The Wild Ones is Nafiza Azad’s second novel – and it’s certainly a wild ride. If you’ve ever wanted to read a YA novel that tosses away the worst tropes of the genre and replaces them with unique storytelling and a beautifully diverse cast of characters, you won’t want to miss this one.
Paheli, betrayed into horrible circumstances by her own mother, escapes and meets Taraana, a boy who gives her a box of stars before he disappears. The stars give her magic as well: She gains access to the Between, a world of magic that can also be used to travel the mortal world (and its beautiful cities, which hide their magic from mere humans). Paheli becomes the first of the Wild Ones – a family of magical girls who, like her, were rescued from exploitation and loss. They roam around collecting more girls in need of saving, always existing on the edges of the magical and non-magical worlds, until Taraana reappears… and he needs their help. He’s being hunted by beings who want to destroy him to take his powers; if that happens, both the Wild Ones and magic itself are at risk of destruction too. Magic girl gang to the rescue!
The Wild Ones features plenty of things you might expect from this kind of story (a great cast of characters, a creative magic system, and sisterly bonding, for a start) – but also things that were a surprise to me. Unlike in most of my experiences with YA fantasy, this story really takes the time to be introspective.
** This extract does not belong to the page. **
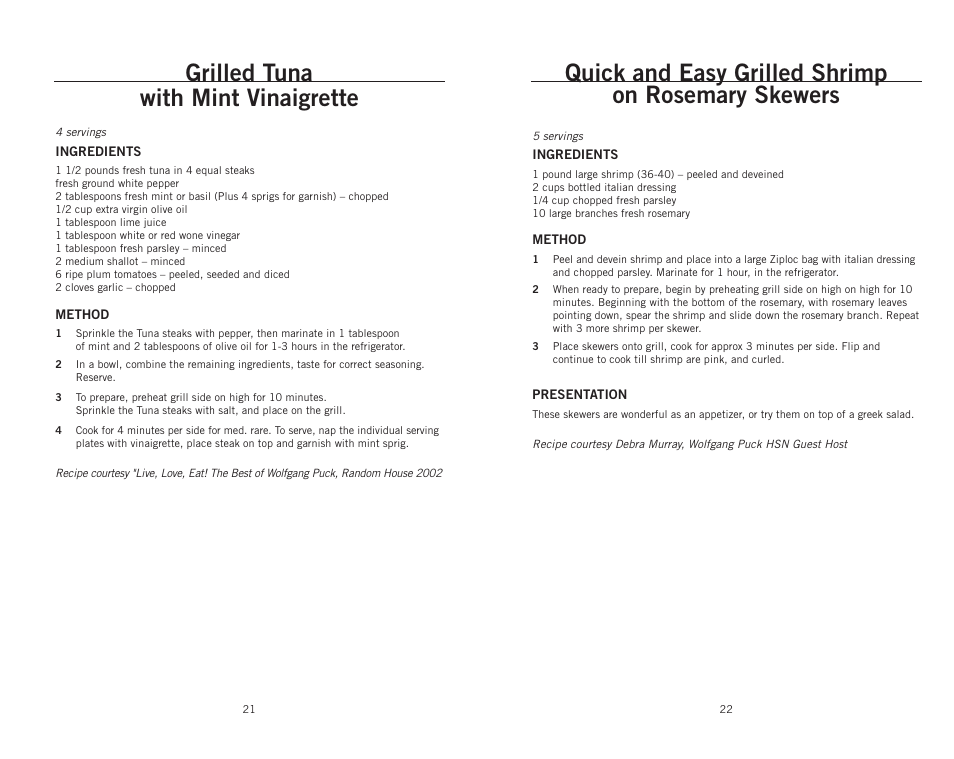 Quick and easy grilled shrimp on rosemary skewers, Grilled tuna with mint vinaigrette | Wolfgang Puck CRGG0030 User Manual | Page 12 / 14
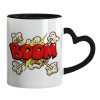 Mug heart black handle, ceramic, 330ml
Readers get to see inside the heads of all the Wild Ones and truly feel the weight of their thoughts as they move through their world. I ended up liking this, but it can admittedly get confusing – the first-person point of view shifts between sections without clear labels, so it’s not always obvious which character is narrating each chapter.
There are also some pretty stark differences in writing style between each chapter that make it feel almost like an experimental art piece at times. Some sections are vivid prose, others are straightforward and unadorned, and others are even poetry. While this is cool, it took me out of the story a little, which was a bit disappointing. There’s a lot to enjoy about these heroines – I wanted to be able to be absorbed by their stories rather than having to focus on determining who was talking and whether what they were saying was part of the overall plot or more just “commentary” on the types of issues they face.
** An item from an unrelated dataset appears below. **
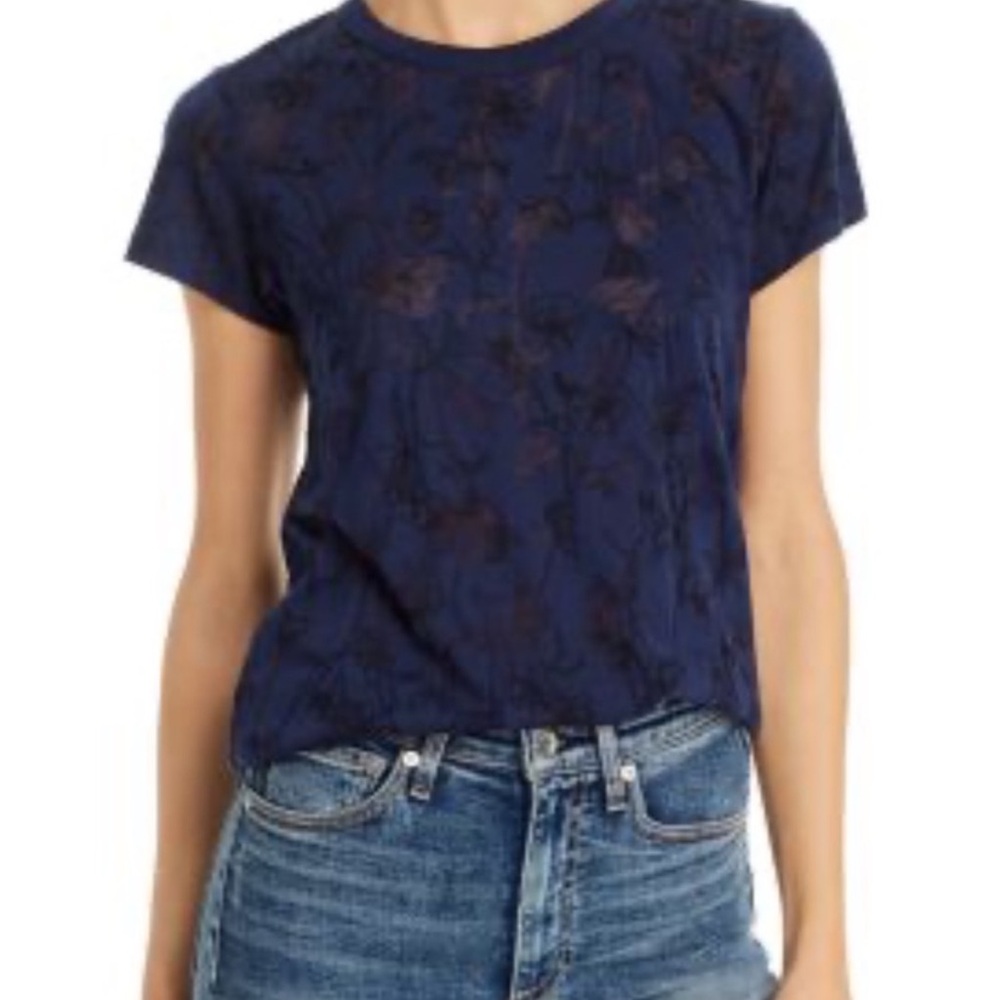 Rag and Bone - All Over Poppy Print Jersey Tee, XS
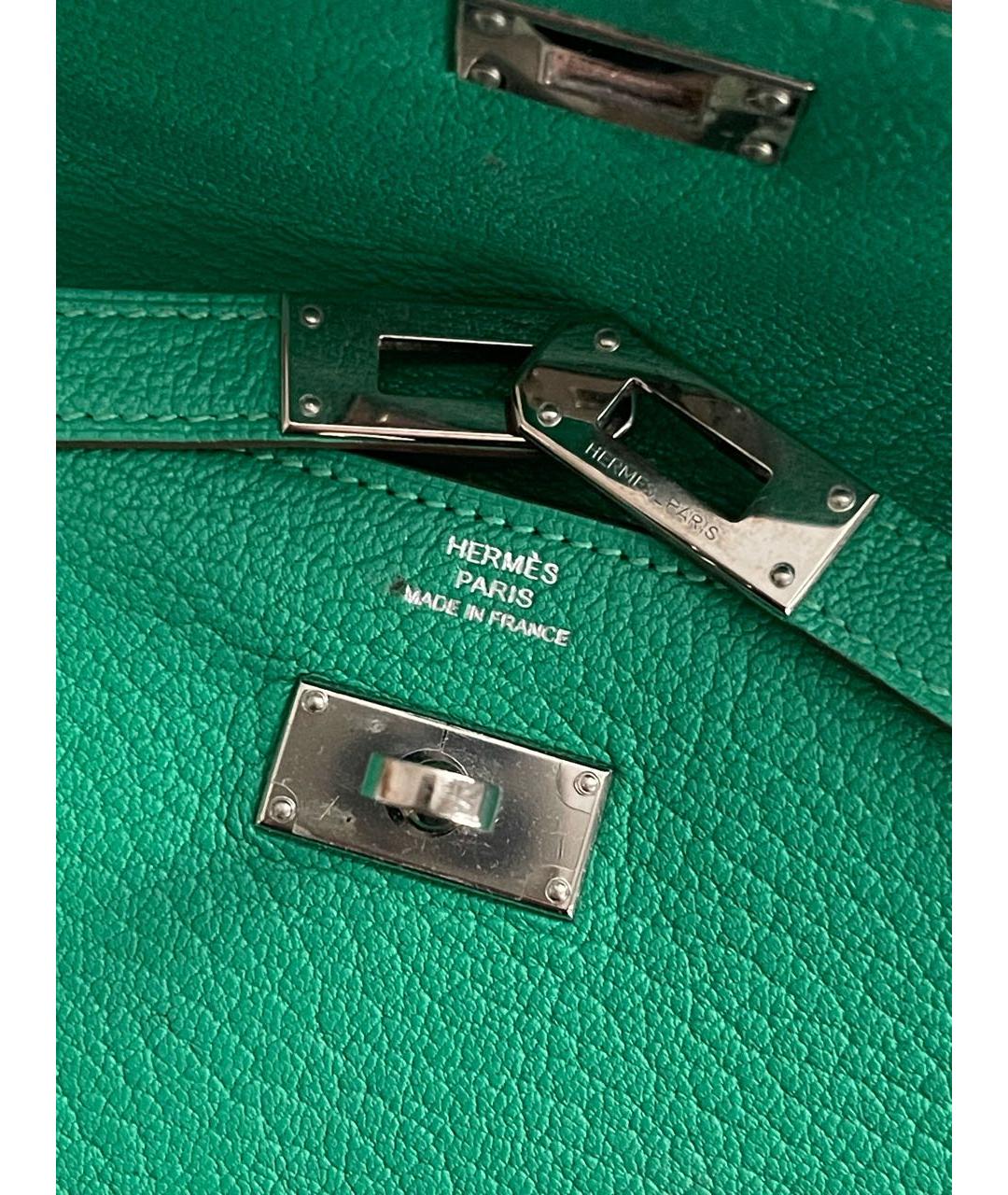 HERMES Зеленый кожаный кошелек, фото 2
One word of caution – this book is definitely on the “adultier” side of young adult fiction. Heavy topics abound (although I feel they’re respectfully handled), so you’ll want to look up trigger warnings if you don’t like seeing certain content in your reading.
Otherwise, though, The Wild Ones is a fascinating read with an empowering message of hope, especially for the ladies out there – I highly recommend it if you’re looking for something a little different in your YA/fantasy TBR pile!
A copy of this book was provided by the publisher, Simon & Schuster, for review.